The public didn’t know much about liquid bleach in 1913, but they were about to. 3 years after launching the company in 1916, founding investor William Murray took over the company as general manager. However, it wasn’t Murray’s efforts that would eventually position Clorox as America’s top home cleaning product — it was his wife, Annie Murray.
The Pivot
With a garage-full of inventory and dismal sales, Annie packaged her husband’s liquid bleach into 15-ounce sample bottles and gave them away at their family-owned grocery store in downtown Oakland. Word got out about Murray’s secret cleaning solution, and almost immediately she had housewives flooding the grocery store to buy more.
By 1917, the Electro-Alkaline Company began shipping Clorox bleach to the East Coast via the Panama Canal. On May 28, 1928, the company went public on the San Francisco stock exchange and changed its name to Clorox Chemical Company.
And, as they say, “The rest is history.”
Product Market Fit - Is it a Product or a Solution?
The Clorox journey is the ultimate story of product-market-fit. There’s a lot of smart people building really effective products. But more times than not, their products are just products.
A great product can create a great business only when it solves a problem that a lot of people deal with.

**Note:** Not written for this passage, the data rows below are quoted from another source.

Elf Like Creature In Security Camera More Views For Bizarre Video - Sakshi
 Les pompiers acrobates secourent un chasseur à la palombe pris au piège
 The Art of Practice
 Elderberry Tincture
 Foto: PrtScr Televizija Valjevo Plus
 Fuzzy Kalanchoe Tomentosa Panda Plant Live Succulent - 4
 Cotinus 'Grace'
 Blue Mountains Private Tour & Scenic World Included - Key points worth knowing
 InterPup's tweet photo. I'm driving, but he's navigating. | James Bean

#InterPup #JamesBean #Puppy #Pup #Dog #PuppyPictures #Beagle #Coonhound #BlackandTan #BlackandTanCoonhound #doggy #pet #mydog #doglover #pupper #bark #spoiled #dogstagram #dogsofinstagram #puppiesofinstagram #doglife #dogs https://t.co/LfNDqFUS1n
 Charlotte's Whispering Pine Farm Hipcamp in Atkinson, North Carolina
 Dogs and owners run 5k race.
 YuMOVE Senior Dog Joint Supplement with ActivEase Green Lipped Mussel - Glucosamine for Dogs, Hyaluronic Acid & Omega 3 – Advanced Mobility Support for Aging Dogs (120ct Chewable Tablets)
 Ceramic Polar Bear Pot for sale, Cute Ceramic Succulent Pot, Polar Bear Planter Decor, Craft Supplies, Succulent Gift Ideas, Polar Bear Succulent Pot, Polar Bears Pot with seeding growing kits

For the Electro-Alkaline Company, they created a product that was really great at solving a number of different problems. But they positioned their product as the top cleaning solution for factories and corporations, until Annie Murray realized households may be a more applicable (and much larger) market for liquid bleach.
From there, the rest is history. Clorox is now a $130 billion business and you can find one of their 50+ products in the cleaning aisle of any grocery or convenience store throughout America. A fun story about the power of pivoting to achieve Product-Market Fit without adding unnecessary complexity.